Benjamin Shaw - There’s Always Hope, There’s Always Cabernet

Audio Antihero Records, November ‘11

In much the same ways as a wise old man might sit down by a fire and impart his wisdom, Benjamin Shaw uses ‘There’s Always Hope…’ to tell tales of everyday trials and tribulations with flair and a humorous sense of gravity. ‘Interview’ details the inevitability of stressing out about a job interview, knowing that even if you got the job it’d only make you more miserable. His self-deprecating humour is one of the reasons this never even begins to sound like the work of ‘just another bloke’ with an acoustic guitar, no mean feat when you’re a bloke with an acoustic guitar making music. He may be keen on chaotic clamour, but you’d be a fool to let Shaw’s talent for melodies pass you by. These melodies sink their claws into you, refusing to let go as they ride the ebb and swell of the surrounding fuzzy mess. That’s not to say that we’ve not been shown this talent before, the opening track on his EP ‘I Got the Pox, the Pox Is What I Got’ gives us over a minute of beeping and unintelligible voices, before the gentle guitar strumming begins and his characteristically heart-wrenching, yet simple, lines are mumbled out.

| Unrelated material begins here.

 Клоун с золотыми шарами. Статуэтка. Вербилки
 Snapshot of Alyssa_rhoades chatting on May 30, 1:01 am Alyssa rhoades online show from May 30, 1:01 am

It could be suggested that Shaw is trying to disguise an ability to make very listenable and pleasant music, behind a barrier of noise and dissonance. But that would be unfair and inaccurate at best. The droning and creaking that begins ‘HULK’, the closing track of ‘There’s Always Hope, There’s Always Cabernet’, only adds to its absolute, aching beauty. This track pulls at you, it’s addictive and there’s a bizarre sense of joy permeating through the pain. And as Shaw declares in his dejected but strangely powerful voice that “I can’t control…what it does to me”, you’ll begin to wish that not only is there hope and cabernet, there’s also more to come from this (self-confessed) ‘singer-songwanker’.